First, we discuss the decay of shock Mach number 
$M_s$ as the shock front traverses near the initial location of the droplet. A shock wave is created at the blast location with very high initial Mach numbers depending upon the blast energy. Then 
$M_s$ decays as the shock front moves away from the blast location. To present this decay, a coordinate axis 
$r$ is defined as the distance from the blast location along the longitudinal axis of the shock tube as shown in figure 11(a). Here 
$r=R_s$ represents the position of the shock front which changes with time.

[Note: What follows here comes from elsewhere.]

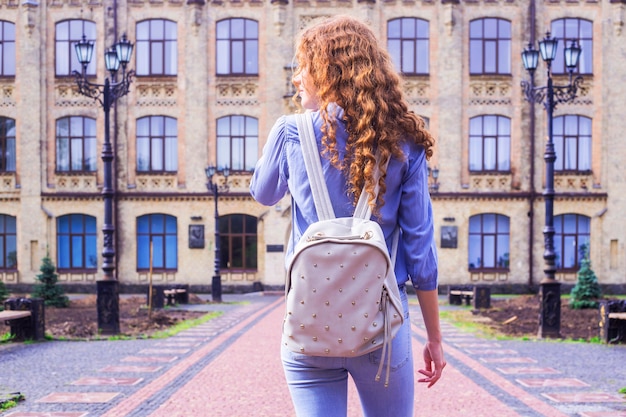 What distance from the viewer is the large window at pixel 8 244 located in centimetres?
3122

Location 
$r=r_d=33.5$ cm is the initial droplet location for the present set-up. Figure 11(b) shows the theoretical prediction of 
$M_s$ decay as the shock front travels away from the blast location. Plots are shown for six different charging voltages (ranging from 5 to 11 kV) used for blasting the copper wire. Here, blast energy corresponding to a particular charging voltage has been used as a fitting parameter so as to match the predicted 
$M_s$ with the experimental value at 
$R_s=r_d$. It should be noted that 
$M_s$ corresponding to a particular charging voltage reported in the present study (figure 1b) is the value of 
$M_s$ when the shock front is at the droplet location, i.e. 

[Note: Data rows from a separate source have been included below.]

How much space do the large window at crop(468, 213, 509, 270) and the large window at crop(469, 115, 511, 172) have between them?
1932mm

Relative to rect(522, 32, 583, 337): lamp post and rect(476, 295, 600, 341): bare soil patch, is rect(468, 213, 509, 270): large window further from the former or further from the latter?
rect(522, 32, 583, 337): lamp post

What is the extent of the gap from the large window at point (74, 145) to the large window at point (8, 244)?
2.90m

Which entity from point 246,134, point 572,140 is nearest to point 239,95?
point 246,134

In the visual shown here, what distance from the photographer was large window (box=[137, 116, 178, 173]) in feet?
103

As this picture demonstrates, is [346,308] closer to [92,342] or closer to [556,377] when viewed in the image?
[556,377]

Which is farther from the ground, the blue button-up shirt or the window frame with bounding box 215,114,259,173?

$R_s=r_d=33.5$ cm. Camera field of view for global observation of the droplet breakup covers approximately 
$33.1\,{\rm cm}\leq r \leq 36\,{\rm cm}$ which is sufficient to capture major events of droplet breakup. This region is indicated as the width of the grey shaded region in figure 11(b), the inset of which shows a shadowgraphic image of a droplet obtained from global observation imaging. It can be observed that there is no significant decay of 
$M_s$ as the shock wave traverses near the droplet location. This is also confirmed by additional experiments recorded at very high frame rate (
$10^5$ fps) using the schlieren technique to capture the motion of the shock front in a region near the open end of the shock tube (which also covers the initial location of the droplet) as shown in figure 11(c). Here, 
$t_{ref}$ is the time instant at which the shock front gets captured for the first time in the schlieren images; 
$R_{s,ref}$ is the position of shock front at time 
$t=t_{ref}$. Positions of the shock front captured in 11 consecutive frames (recorded at 
$10^5$ fps), corresponding to the wire blasting at 5 kV, are stacked in a single image and shown in figure 11(d). This illustrates approximately equal displacement of the shock front in equal time intervals. The same data for different values of charging voltage are collectively shown in figure 11(e). Constant slope of plots in this figure confirms experimentally that the value of 
$M_s$ remains almost constant as the shock front traverses near the droplet location.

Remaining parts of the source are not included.